Grechukin completes the idea by telling me: “So what if some pipe-maker made some great and amazing new shape. Very good! They should enjoy it and play with it. They should stay on that particular plateau, explore it and so on. But once you have finished with that shape, then you keep going with another shape and do the same process over again. But now apply that same process with what you have learned and this now gives you a new perspective for each new step you climb. The higher you go, the greater your overall perspective becomes.”
As you review the catalogue of Grechukin’s work, it is impossible not to see this ‘constant growth’ that he speaks of. You can truly see the step by large step growth that his pipes are and have been taking.

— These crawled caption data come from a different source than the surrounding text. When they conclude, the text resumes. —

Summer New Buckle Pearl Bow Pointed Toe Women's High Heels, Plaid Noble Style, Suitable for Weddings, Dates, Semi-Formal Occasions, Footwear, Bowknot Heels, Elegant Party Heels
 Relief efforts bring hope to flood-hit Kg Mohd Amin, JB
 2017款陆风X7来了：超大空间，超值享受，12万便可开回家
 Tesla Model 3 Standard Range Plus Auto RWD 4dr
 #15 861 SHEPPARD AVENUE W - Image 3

It is this distinct quality of Grechukin that allows him to look at something old and find an appropriate new way to approach and re-create it. Grechukin is definitely leading the way of defining the new classics of pipe shapes.
WORKING WITH OTHER PIPE-MAKERS
When he works with other world class pipe-makers, he tries to incorporate their perception within his. He tells me that this is the best way for two masters to work with each-other. He goes into detail telling me: “I try to merge our thoughts and understand them both. How they think and see is crucially important to me. And then, I do my best to interpret their understanding. When the audience looks at the joint work in the pipe, they should feel that two masters made this pipe. It should be a perfect overlap of two philosophies.”

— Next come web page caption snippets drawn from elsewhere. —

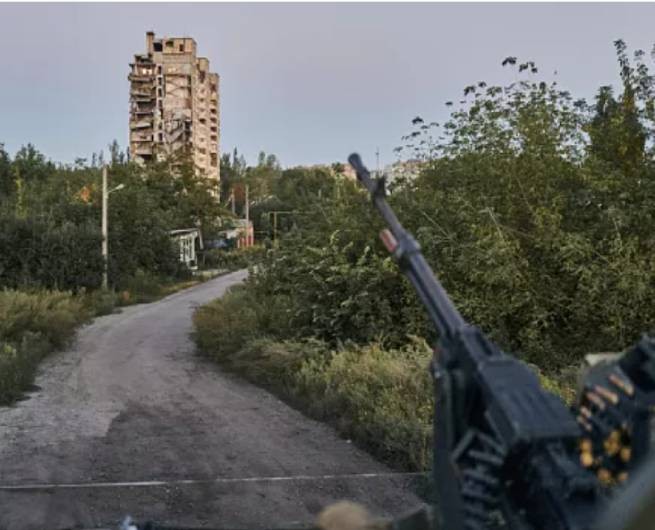 Битва за Авдеевку: в городе продолжают оставаться 1500 мирных жителей (видео)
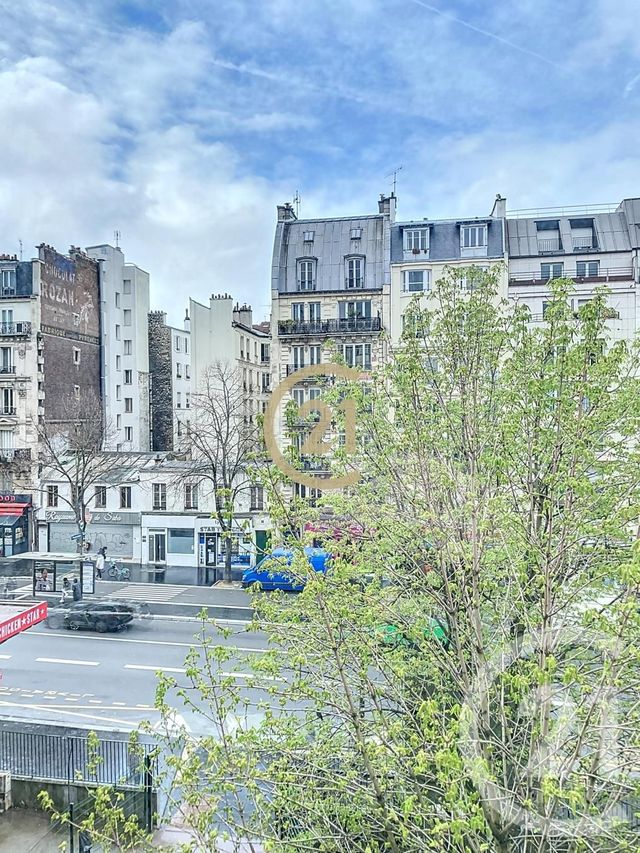 Appartement T4 à vendre - 4 pièces - 93.0 m2 - PARIS - 75018 - ILE-DE-FRANCE - Century 21 Magenta La Fayette
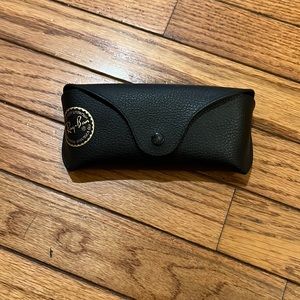 Raybans case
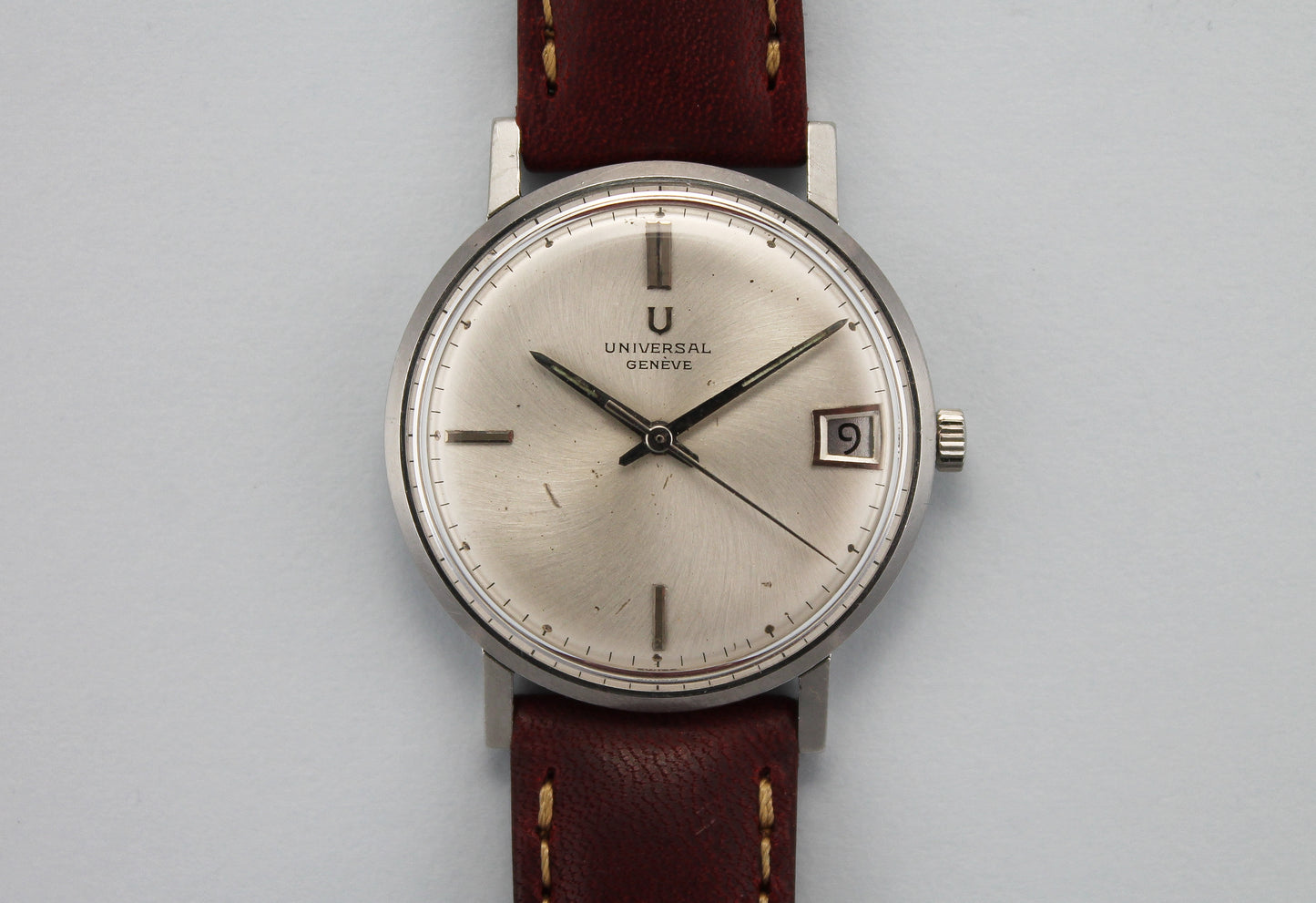 UNIVERSAL GENEVE Ref 1107 Calendar (c. 1960’s)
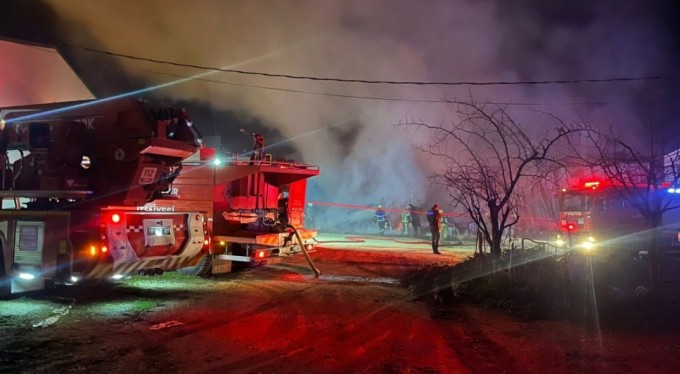 Ses sistemi üzerine faaliyet gösteren fabrika küle döndü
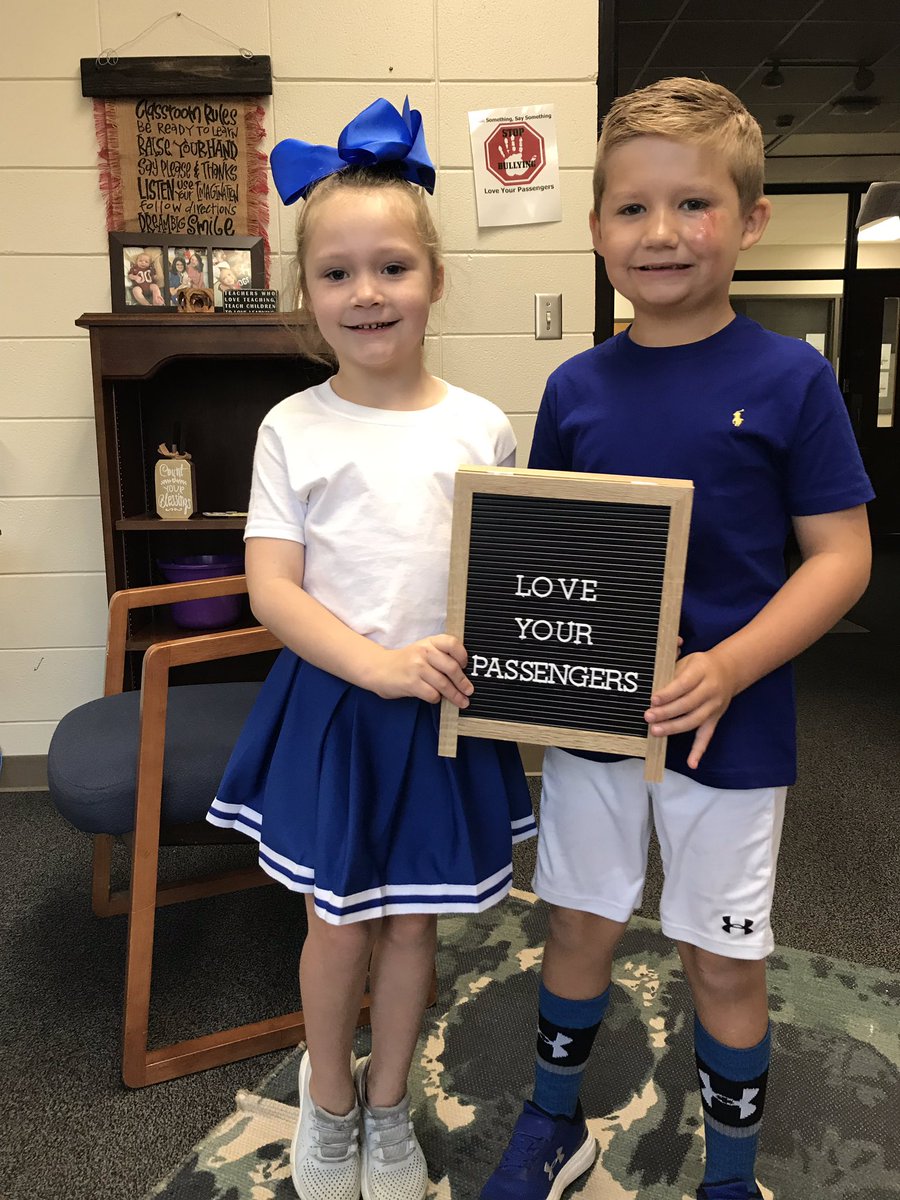 lbsmith1204's tweet photo. The Smith kiddos are ready for the first JBE Energy Bus Rally! @EnergyBusSchool #whateverittakes #loveyourpassengers https://t.co/iUToZkCJK5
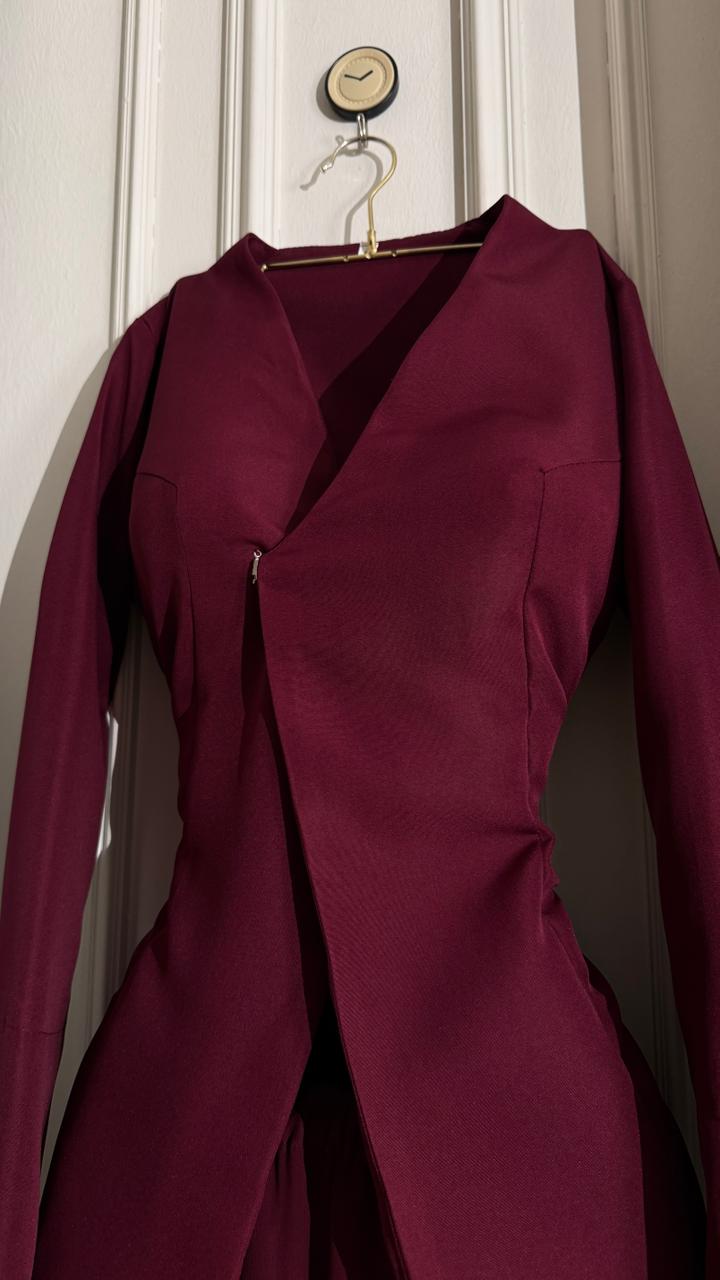 فستان خمري طويل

This is another example of what is important to Grechukin. He operates at a higher standard, far above the “me, I, myself” point of view. He is operating under the general design aesthetic principles and doing his best to have this be his only guide. No matter which other pipe-maker he works with, from Former, to Tokutomi, to J. Alan to Eltang, he forces his hand to be guided by this design philosophy, seeing it as his duty and his responsibility. As you look at the work he does with other pipe-makers, once again, it is clear to see this philosophy in action.
Pipe shapes are in a constant state of evolution. My personal view is closely aligned with Grechukin’s, in that it is the small nuances which should be leading the charge when exploring new ideas. This is mainly because the pipe smoking public has a certain degree of difficulty in accepting drastic and dramatic change & I am myself such a person. If we can look ahead, 10 or even 20 years down the road and if we try to imagine where pipes will be and what type of shapes we will define as ‘classic’ in the future, I imagine that much of what we see in Grechukin’s work today, will be sitting among those definitions. Bravo Grechukin, you truly are the Master of the ‘New Classics’.